Originally written on Medium in June 2018...

By Florencia Viadana on Unsplash

There has been a lot of talk about the #MeToo Movement.

Some, including Harvey Weinstein, Kevin Spacey, Catherine Deneuve and Vladimir Putin, have decried it as a 'Witch hunt', a 'Conspiracy' or - ironically - 'insulting to women' on the basis that it treats them like children incapable of setting boundries.

Here's a hint: #MeToo is less about setting boundries than it is about calling out the people who ignore said boundaries, then use their power and influence to get away with it.

Some men, and even a few women, have posted angry online rants about how men will no longer be able to talk or shake hands with a woman without fearing accusations of harassment. Others claim 'mixed signals' and 'toxic femininity' are ruining lives.

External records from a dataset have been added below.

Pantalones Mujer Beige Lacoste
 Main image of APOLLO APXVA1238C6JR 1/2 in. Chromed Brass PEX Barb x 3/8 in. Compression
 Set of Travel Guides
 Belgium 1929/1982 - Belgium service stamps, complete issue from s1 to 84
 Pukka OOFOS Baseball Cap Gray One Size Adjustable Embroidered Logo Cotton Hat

Here's another hint: If you can't tell the difference between basic interaction with someone of a different gender and sexual harassment, maybe you're part of the problem.

By Mélodie Descoubes on Unsplash

That is not to say that some socially-inept people can't make well-intentioned remarks that come out creepy, or not recognise when someone is uncomfortable around them, but there is a key difference. When a socially-inept person makes such a mistake and has it pointed out, they are most likely to be horrified, instantly apologise and back off.

Those who do it on purpose are more likely to become indignant and cry persecution.

Whether you think the #MeToo movement goes too far, or if you believe it is long overdue and vital, there is no denying the facts: out of your immediate circle of friends and family, statistically-speaking, at least one will have been the victim of assault. You may not know, it may have been years in the past, but every time you dismiss the movement or blame the women who are speaking up, you lose a little of their trust. If one of them is assaulted in the future, they will think twice in coming to you for help, or even in telling you at all.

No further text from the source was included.